• [Material provided]
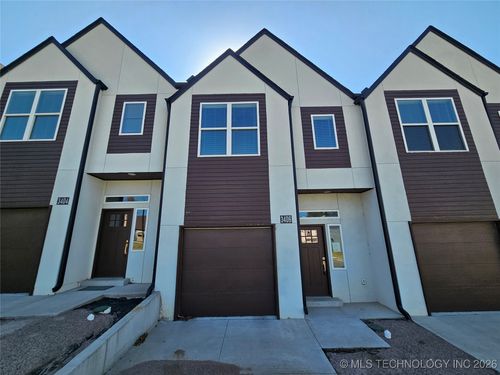 3406 Redbud Ln, Tulsa, OK, 74132-2902 | Card Image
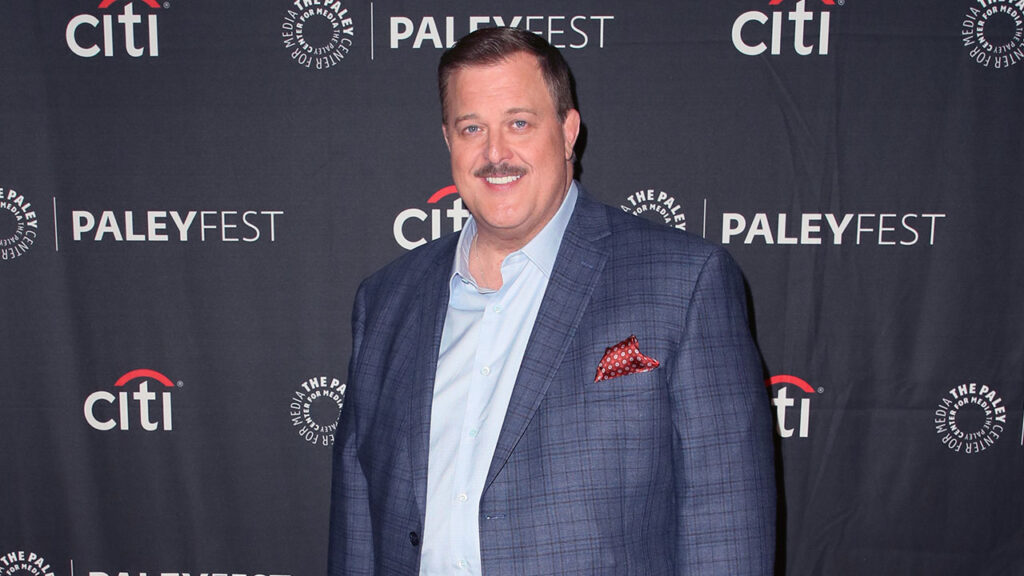 Billy Gardell Weight Loss Surgery? How much weight has billy gardell lost.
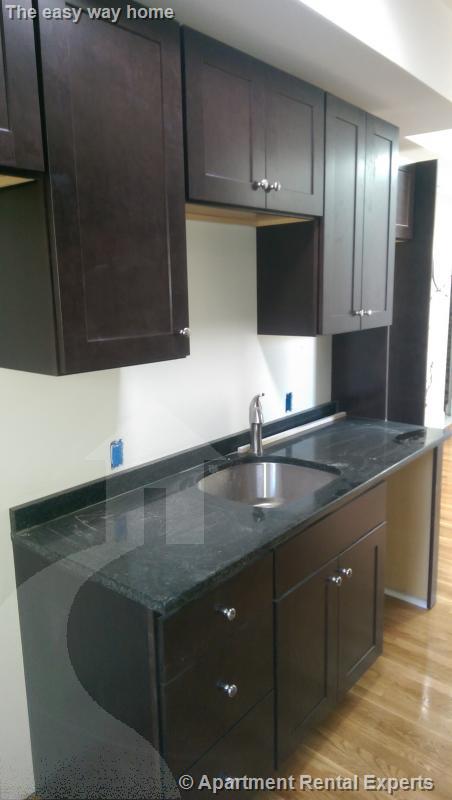 106 Hyde Park Ave, Jamaica Plain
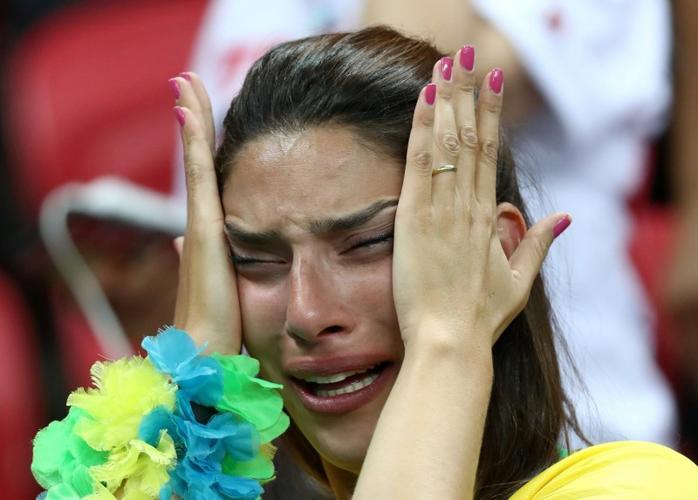 巴西球迷哭成一片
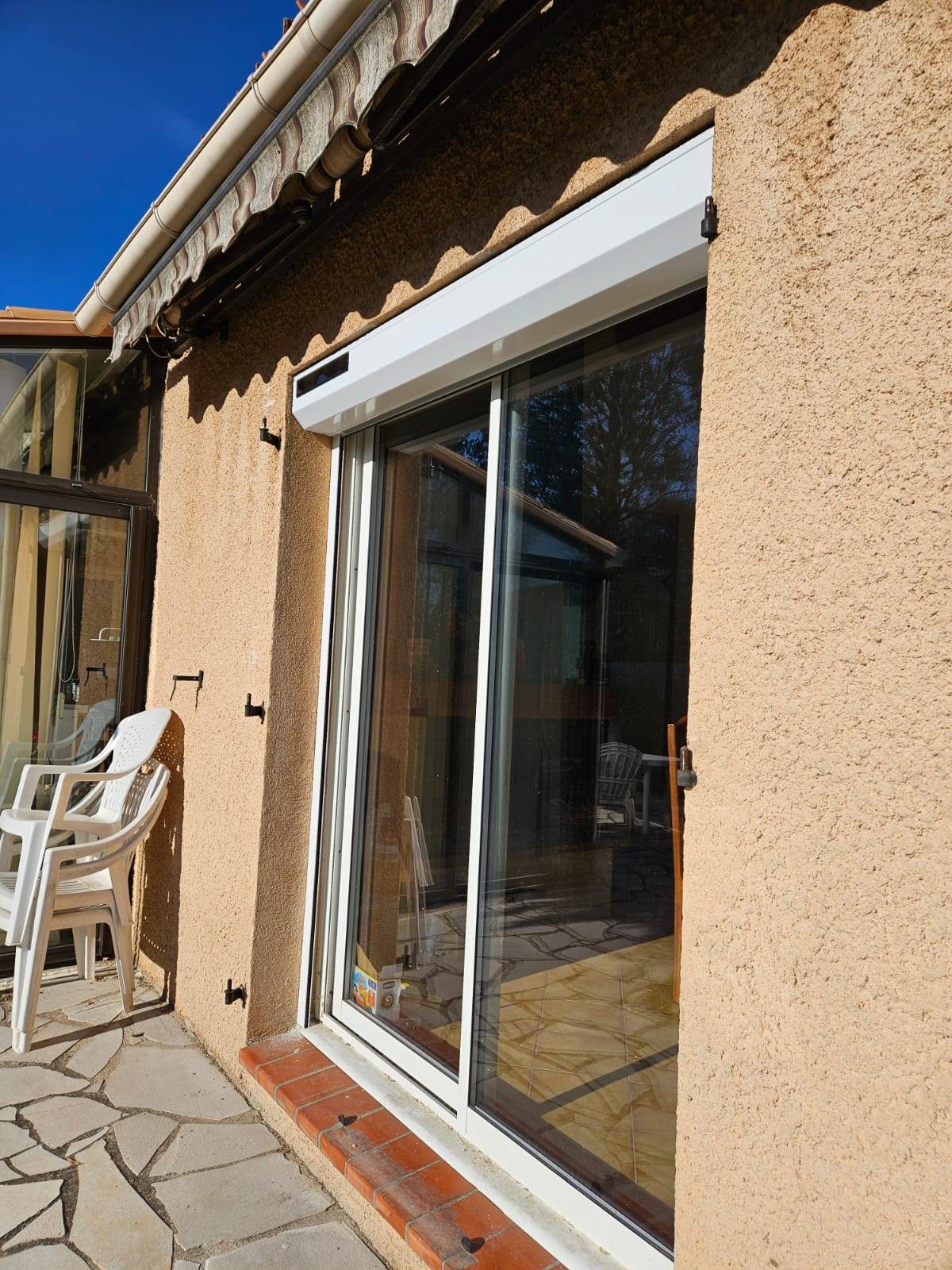 Installation de volet roulant solaire par des professionnels de la menuiserie à Aubagne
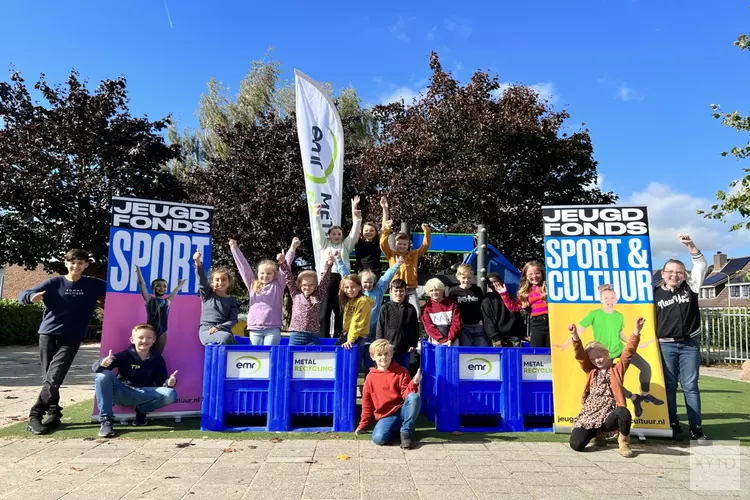 Scholeneiland Drumpt en Ronde tafel Tiel zetten zich in voor Jeugdfonds Sport & Cultuur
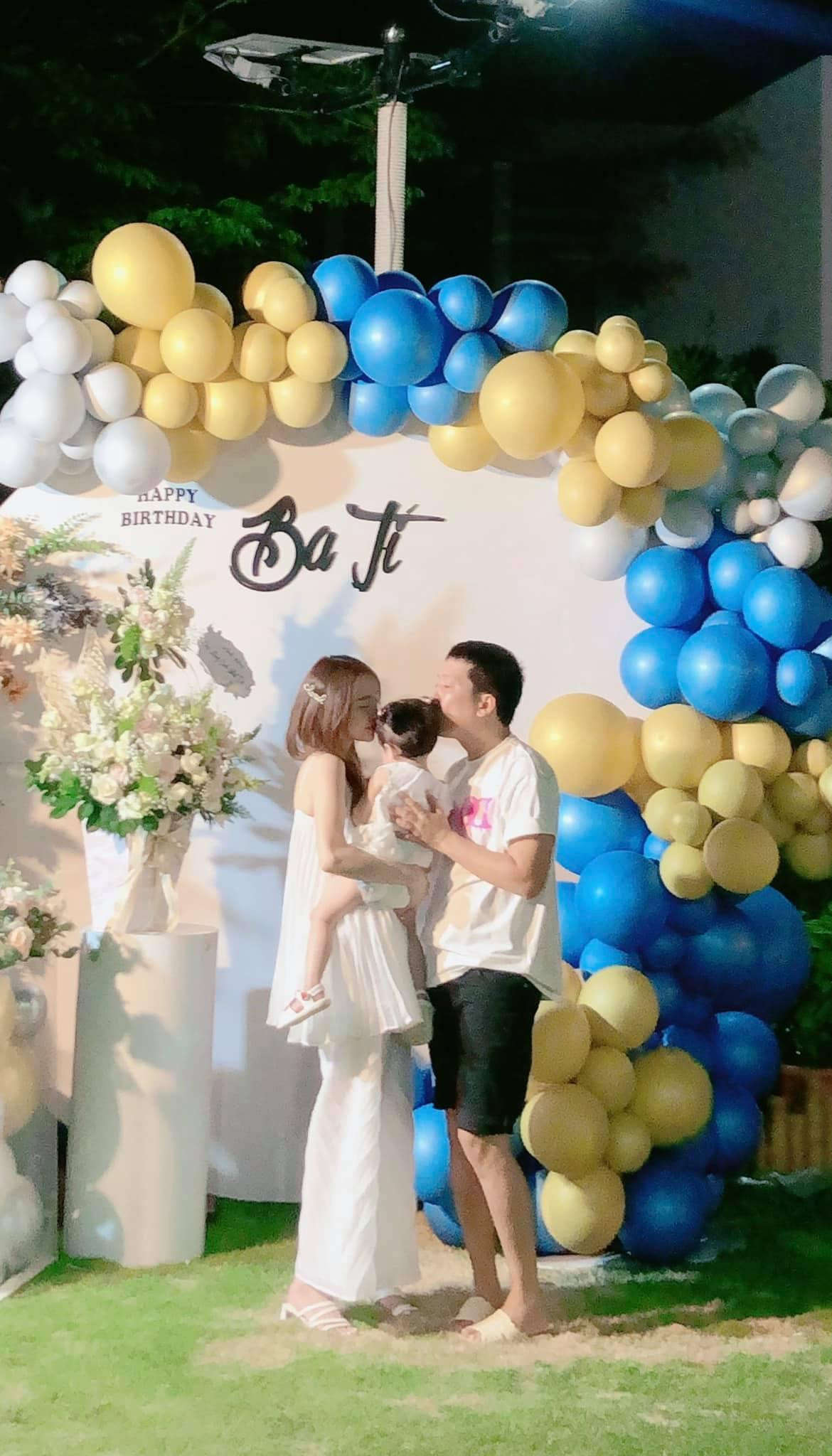 Trường Giang được vợ tổ chức sinh nhật sớm, anh ủng hộ mọi việc Nhã Phương làm. Trường Giang được vợ tổ chức sinh nhật sớm, anh ủng hộ mọi việc Nhã Phương làm.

• [What you have to do]
Above are the records; repeat them all exactly, without the pictures.

• [Exercise answer]
 3406 Redbud Ln, Tulsa, OK, 74132-2902 | Card Image
 Billy Gardell Weight Loss Surgery? How much weight has billy gardell lost.
 106 Hyde Park Ave, Jamaica Plain
 巴西球迷哭成一片
 Installation de volet roulant solaire par des professionnels de la menuiserie à Aubagne
 Scholeneiland Drumpt en Ronde tafel Tiel zetten zich in voor Jeugdfonds Sport & Cultuur
 Trường Giang được vợ tổ chức sinh nhật sớm, anh ủng hộ mọi việc Nhã Phương làm. Trường Giang được vợ tổ chức sinh nhật sớm, anh ủng hộ mọi việc Nhã Phương làm.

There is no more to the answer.